◆ Activity:
In the entries below, begin at the line that has "Njemačke firme u potrazi za zantlijama" and stop after the line that has "1.28.2025 January 2025"; output those lines exactly, leaving out pictures.
** Opening Exercise data block **
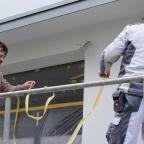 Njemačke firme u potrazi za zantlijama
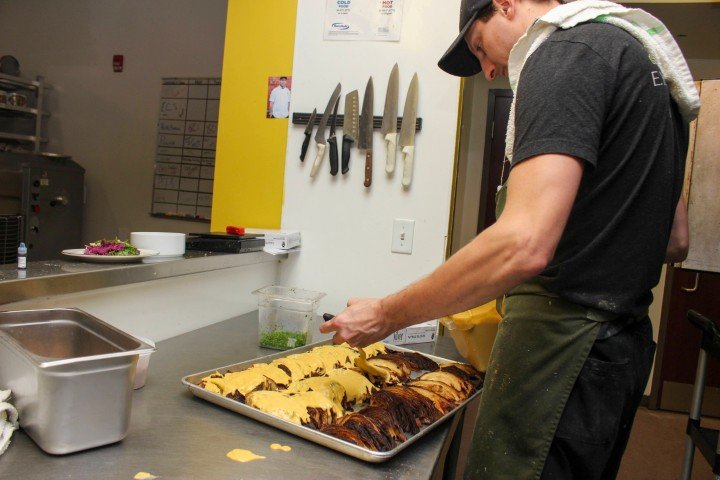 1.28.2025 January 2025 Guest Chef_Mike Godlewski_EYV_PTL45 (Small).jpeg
** Closing Exercise data block **
** Opening Exercise data block **
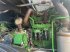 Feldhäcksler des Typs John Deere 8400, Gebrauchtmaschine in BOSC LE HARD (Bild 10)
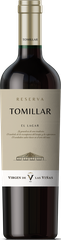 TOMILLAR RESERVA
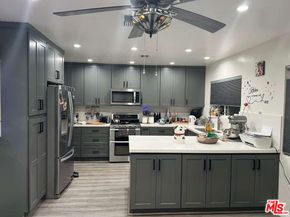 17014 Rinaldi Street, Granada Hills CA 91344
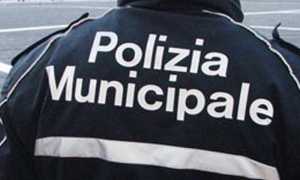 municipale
** Closing Exercise data block **
** Opening Exercise data block **
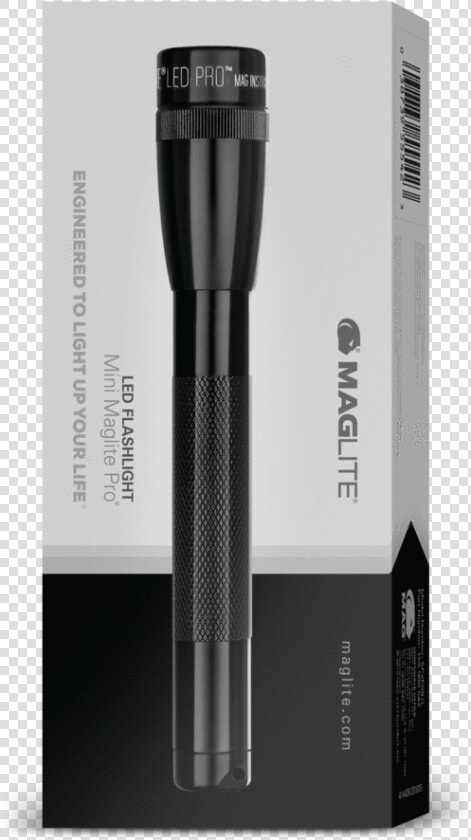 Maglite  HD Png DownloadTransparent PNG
** Closing Exercise data block **
◆ Your solution:
 Njemačke firme u potrazi za zantlijama
 1.28.2025 January 2025 Guest Chef_Mike Godlewski_EYV_PTL45 (Small).jpeg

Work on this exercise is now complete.